UC Davis team documents deportee narratives
The Humanizing Deportation project is a collaboration between UC Davis and Colegio de la Frontera Norte, in Tijuana, Mexico, to document personal stories of deportees expelled from the United States. The narratives were collected last summer over the course of a month-long field study.
Robert Irwin, a professor in the Department of Spanish and Portuguese at UC Davis, co-leads the Humanizing Deportation project.
“Humanizing Deportation is a digital storytelling project,” Irwin said. “Its objective is [to] help disseminate more true, nuanced and humanized idea[s] about deportation than what we hear about in the media.”
Irwin said that the purpose of the project is to provide a more genuine view of deportation.
“A lot of people have opinions about deportation and about people getting deported without knowing up close what it is like,” Irwin said. “We devised this project in order to [deliver] to the media and the world through our website a more real view of what is happening.”
Irwin also discussed why Tijuana was chosen for the study.
“The project was conceived in collaboration with people here at UC Davis and Colegio de la Frontera Norte, which is a university in Tijuana,” Irwin said. “We chose Tijuana as a field site from which to launch the project because it receives more deported people than any other city in Mexico and probably the world, with something like 350 [people] arriving there everyday.”

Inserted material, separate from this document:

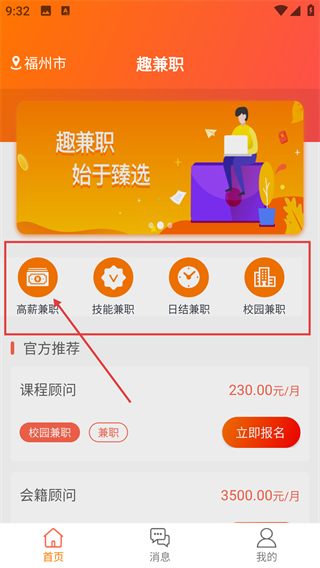 趣兼职
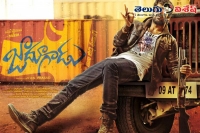 Jadoogadu movie theatrical trailer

Irwin stated that videos by deportees gave them the ability to tell their personal stories.
“We are simply giving a platform for people in the [deportation] community who have something they want to say [and] to say it in an audio-visual form,” Irwin said. “We facilitate the production but we don’t control the content. They are not our stories, and we don’t select just certains kinds of people — anyone who wants to say something about deportation, about their personal experiences with deportation, is invited to do so on our platform.”

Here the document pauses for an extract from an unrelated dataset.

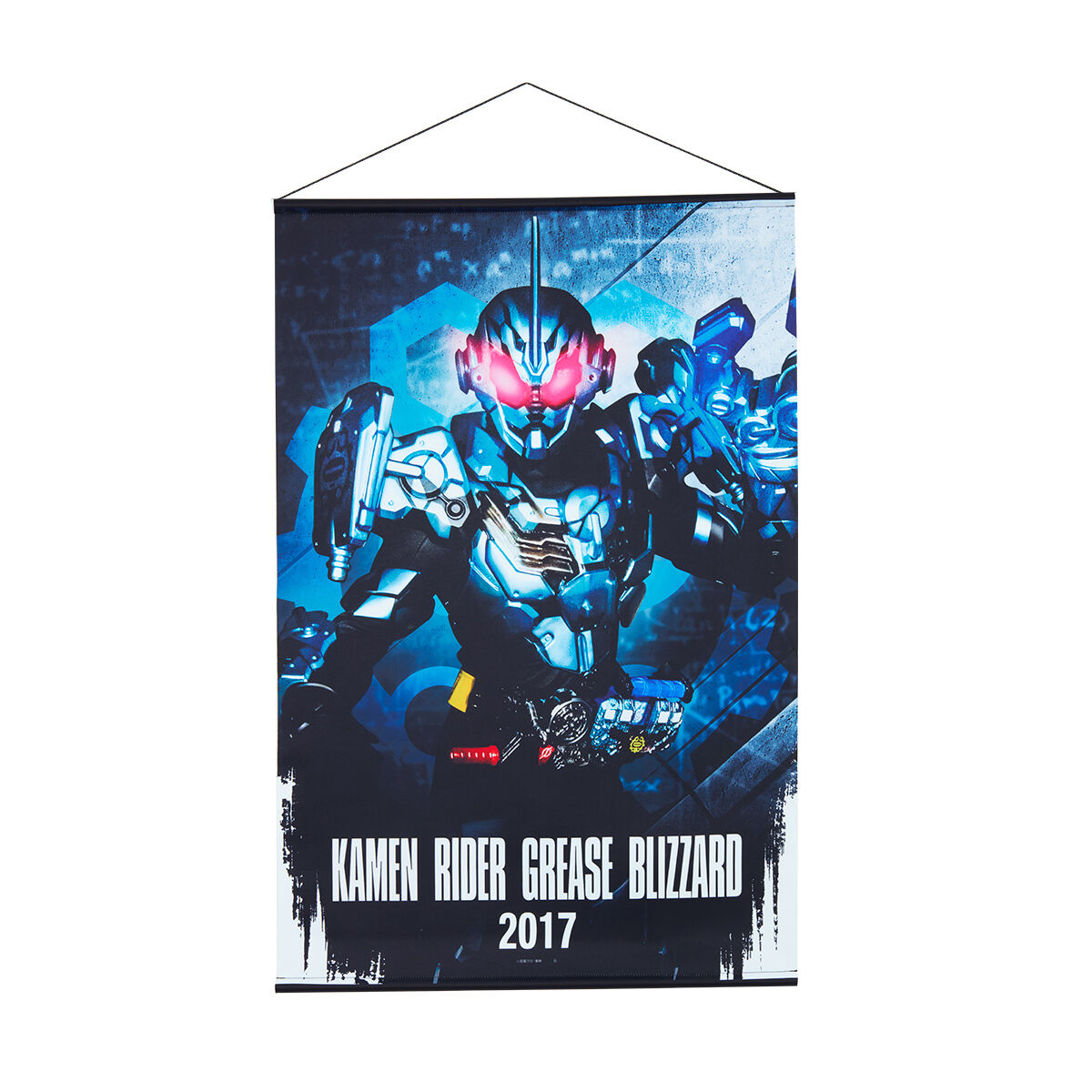 Pre - order Kamen Rider Build Silky Polyester Hanging Wall Tapestries Vol 2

Irwin also talked about how issues related to deportation have resulted in homelessness, substance abuse and the breakup of families.
“It is definitely a humanitarian issue,” Irwin said. “Another problem that occurs in Tijuana, unfortunately, is many of the people end up living in shelters. They have difficulty getting employed. Some of them fall into drug addiction or other forms of substance abuse. Some of them fall into homelessness or semi-homelessness where they are drifting [from] shelter to shelter.”
Lizbeth de la Cruz Santana, a second-year Ph.D. candidate in Spanish as well as a member of the Humanizing Deportation team, further discussed the separation of families caused by deportation.
“We noticed when we were there [that] you could see more men who have been deported and you can see more women and children as well,” de la Cruz Santana said. “Dr. Irwin would encourage us to go to a shelter. There you would see the reality of the whole issue. They come with a deported mom and dad or one of [the parents] stays behind, so you then start seeing families being separated. For me, that was one of the biggest issues with deportation.”
De la Cruz Santana also talked about how people in the United States often do not see the real situation in Tijuana.
“It is a different type of way in which we talk about [deportation] here in the United States, because it is a phenomenon we see that is going on,” de la Cruz Santana said. “But once you go into Tijuana, you see the reality of how their lives are and how they try to get out of that state.”
Marinka Swift is a fourth-year Ph.D. candidate in sociolinguistics at UC Davis and another member of the team that went to Tijuana. Her interest in the project stemmed from how the Spanish language is used by deportees compared to that of native speakers in Mexico.
“I was looking for opportunities to learn about people’s language experiences in Mexico — people who have been deported and repatriated back to Mexico,” Swift said. “I was interested in the linguistics experiences of the deportees [and] I was curious about what languages people are using after they are deported. I know that many people who are deported are not necessarily fluent in Spanish or they will simply choose that they would rather be speaking English, because it was their dominant language after spending so much of their lives in the United States. I wanted to get a sense of how people feel about Spanish and English and looking at that through the lens of human rights and linguistic rights.”
Sarah Hart, a second-year Ph.D. candidate in performance studies at UC Davis and another member of the field study team, said she wanted to understand the plight of the deportees and how to express their experiences through her work.
“I come from a background in socially-engaged performance,” Hart said. “I was interested in how to work with narratives or testimonies that people experienced in a creative way, and how to express those experiences to a public audience in order to raise awareness around social issues.”
When asked how she would describe her experience in Tijuana, Hart said she “would tell people to be informed and to question where they are getting their information [from] and why they are being told the things they are being told about people. And to exercise some empathy.”